Problem to work on —
Please repeat, exactly as written, the line containing "this 1000×666 image." and every line after it through the end of the records below, leaving out any pictures.

Source data —
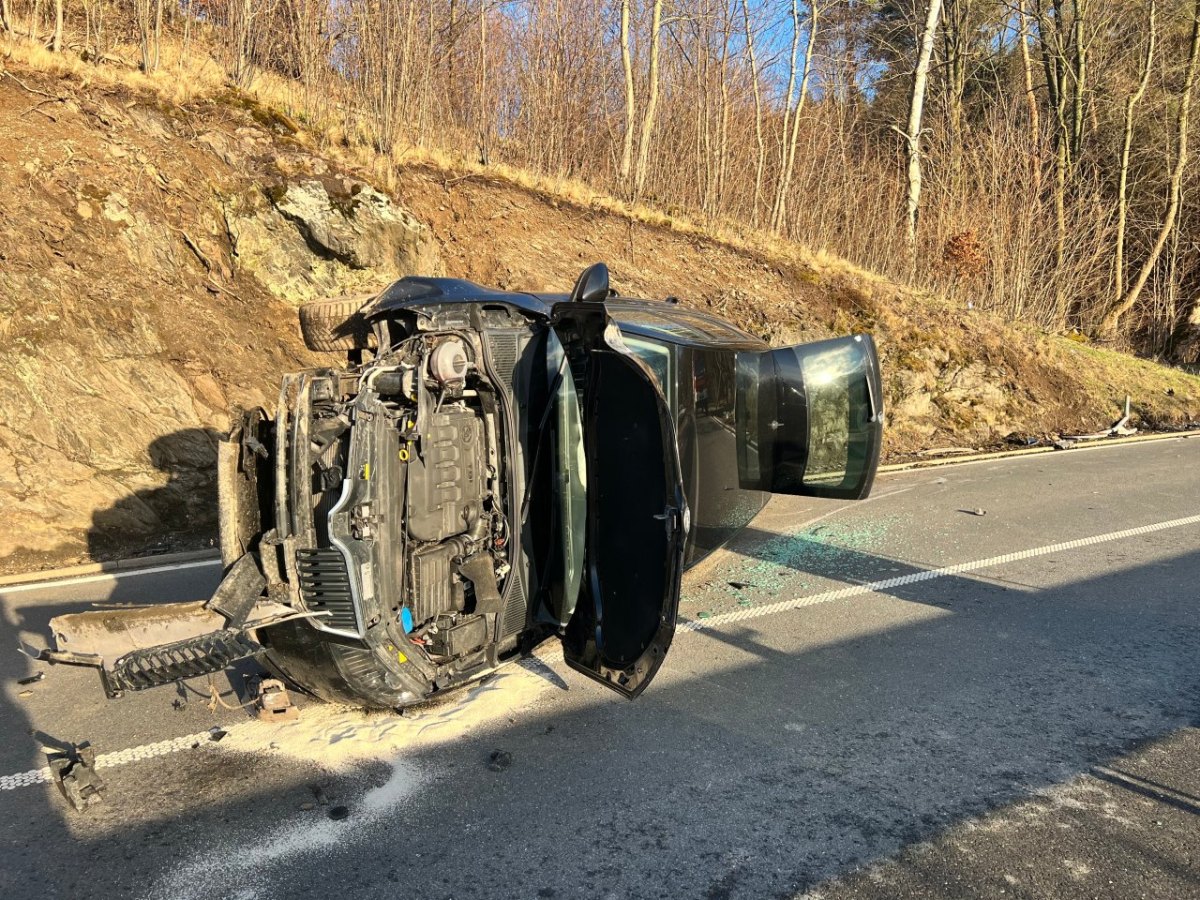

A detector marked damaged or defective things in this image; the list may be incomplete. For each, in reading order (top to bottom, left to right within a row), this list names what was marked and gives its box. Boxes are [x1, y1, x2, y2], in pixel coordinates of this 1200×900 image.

overturned black car [39, 264, 880, 708]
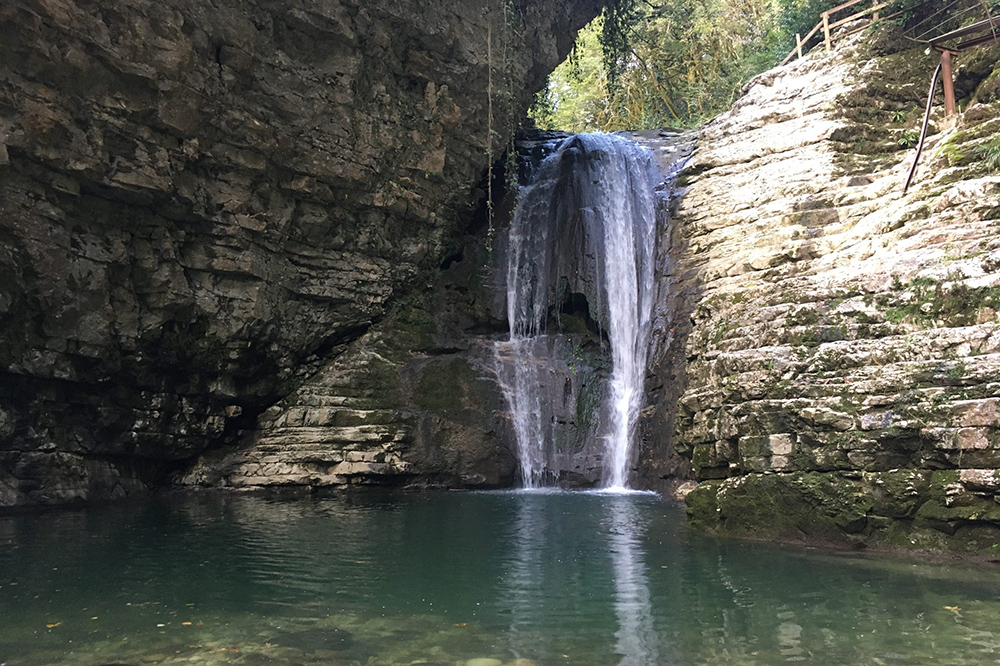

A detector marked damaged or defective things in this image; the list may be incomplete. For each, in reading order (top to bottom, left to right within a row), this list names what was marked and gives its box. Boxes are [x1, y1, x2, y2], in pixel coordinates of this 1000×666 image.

rusty metal pole [940, 49, 956, 115]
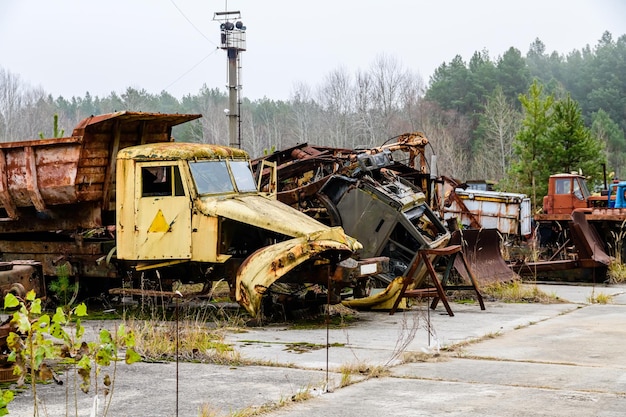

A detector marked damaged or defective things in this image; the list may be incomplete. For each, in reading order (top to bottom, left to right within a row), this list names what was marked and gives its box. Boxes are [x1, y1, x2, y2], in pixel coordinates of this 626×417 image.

rusty dump truck bed [0, 111, 199, 228]
overturned truck [0, 110, 390, 316]
rusty abandoned truck [0, 112, 390, 316]
crushed truck cab [114, 141, 360, 316]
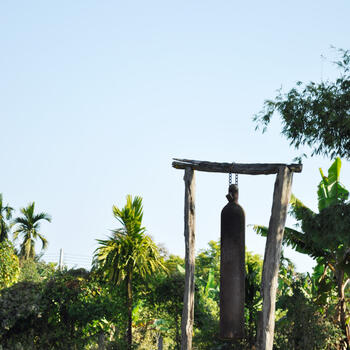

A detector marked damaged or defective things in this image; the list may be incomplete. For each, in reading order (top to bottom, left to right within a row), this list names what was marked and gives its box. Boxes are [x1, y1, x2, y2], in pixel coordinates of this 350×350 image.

rusty metal surface [220, 194, 245, 340]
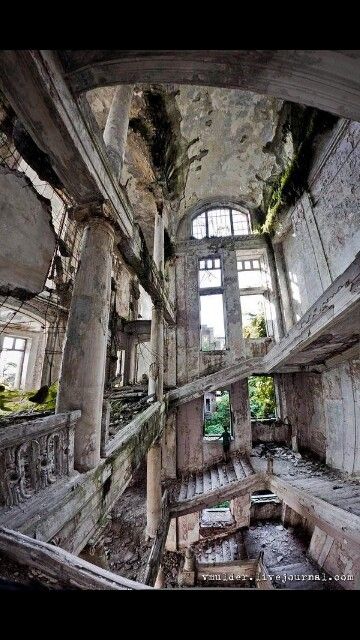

Result —
A detector marked damaged or defective things in this image; the list may be incomplete. For each, in reading order (top to bottom, left to right within a row), this list names what was marked and gives its box. Boxes are [x1, y1, x2, y2], in pixel coordinates of this 1000×666 image.

rusty metal pole [940, 49, 956, 115]

A detector marked damaged or defective things in this image; the list may be incomplete. For each, in reading order (top to bottom, left to right within a row), this list names what was marked and gives its box. Boxes are [x1, y1, x2, y2], in pixel coordinates of this 626×417 image.

rusty dump truck bed [0, 111, 199, 228]
overturned truck [0, 110, 390, 316]
rusty abandoned truck [0, 112, 390, 316]
crushed truck cab [114, 141, 360, 316]

A detector marked damaged or defective things in this image; the list may be incomplete. For each, in reading order (top to bottom, left to right within a row), this list names what was marked and gives its box. Boxes are [x1, y1, x2, y2], in pixel coordinates of this 350×350 image.

rusty metal surface [220, 194, 245, 340]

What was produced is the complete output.